No, you're not arrogant if you feel drawn to responding yes - twice.
You’re not alone. These days, awash as we are by fancy medium/high price range restaurants, it is not uncommon to be dealt a plateful of food which resembles anything but, er, a 'plateful'.
A steak & chips can often come as a slither of meat over a perfectly Jenga-like constructed two-tier mountain of potato wedges, and 'Ravioli', probably the worst offender of all, will sometimes appear as just one raviolo sitting pretty amid flicks of attractive, kaleidoscopic sauces. Wholesome and filling? Not in the slightest.
But after years of this being the case, why has the issue raised its ugly head again?
Well, Delia Smith, arguably this nation's best-loved home cook, has recently re-highlighted these bugbears by claiming that the food offered in 1970s’ pubs far excels the variety and quality of the grub around today.
"Gifted amateurs opened restaurants and pubs and you could have real food," explained Delia. "If I am in a Michelin-starred restaurant and they have done this beautiful little smoked haddock soufflé in a thimble, I would like to order a whole big plateful. No, I’m not for four-course tasting menus.”
Harsh words, perhaps, but is she right?
Taster menu: Pricey or worth the fun?
There is space in everyone's heart for restaurants like the Fat Duck, Noma and Dinner, for they undoubtedly offer once-in-a-lifetime, unrepeatable experiences. Snail porridge, for example, has its appeal in its peculiarity.

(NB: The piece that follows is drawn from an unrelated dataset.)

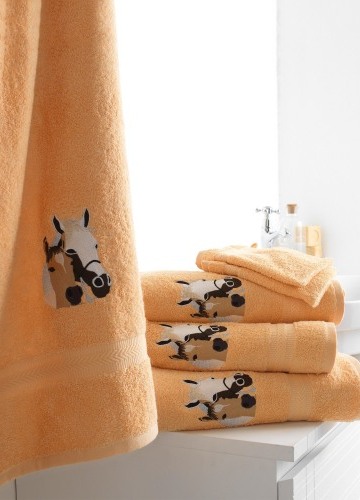 Froté kúpeľňový textil s výšivkou koní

The same is true for taster menus. While the 1970s, Delia suggests, was all about eating unfussy food in large, untidy portions, nowadays it seems we are all attracted by the miniature entrée-looking dishes that are served during a seven, eight, nine or ten-course menu.
The plates are all but wiped clean after the diner has had a mere spoonful of food and worse still, wine glasses - still tanked up with booze - come and go with every new culinary decoration – whether you’ve had the pleasure to do anything more than sip the stuff, or not.
Why are we so drawn to this way of eating in restaurants? Is it because we think that if such care and precision is taken over the aesthetics of the plate, it’ll subsequently have a better taste? Or is it because the popularity surrounding new culinary fads are such that we feel compelled to experiment?
I take a more cynical view. True, I have yet to encounter a bad ‘taster menu’, but then I’ve never come across an economical one either. Perhaps it’s that I’m always anticipating more food than the toddler amount I receive, but I do find that these culinary offerings are often unchangeable, give little in the way of choice, and rarely amount to being good value for money.
Gargantuan plates of Italy
As an Italian, the more plentiful my bowl or plate in front of me, the happier and more sated I am.
Few restaurants in Italy, whether trattorie or pizzerie, bother with the idea of 'pretty food'. Of course, it goes without saying that the country has its fair share of ‘fine-dining’ restaurants, but increasingly, locals eschew such places in favour of the tried and tested – good – cheaper alternative.
What's delectable about the simplest of pasta, for example, is the aroma of thick, drizzled olive oil, the melting cheese and the fresh, ripe tomatoes it all sits upon - and most importantly of all, the anticipation of its consumption.
The compliments paid to a dish of this kind, are never directed towards the beauty of the sun blushed-tomato-perched-basil leaf and its surrounding bed of capers. It’s simply not important.
The better the taste, the better the compliment the chef/cook will receive. How it is presented and how it arrives at the table are both as insignificant as each other.
(I distinctly remember being ‘patted on the back’ if I were ever the first one to score ‘una medaglia di sugo’ – a medal made up of sauce – on my clothes at the dinner table.)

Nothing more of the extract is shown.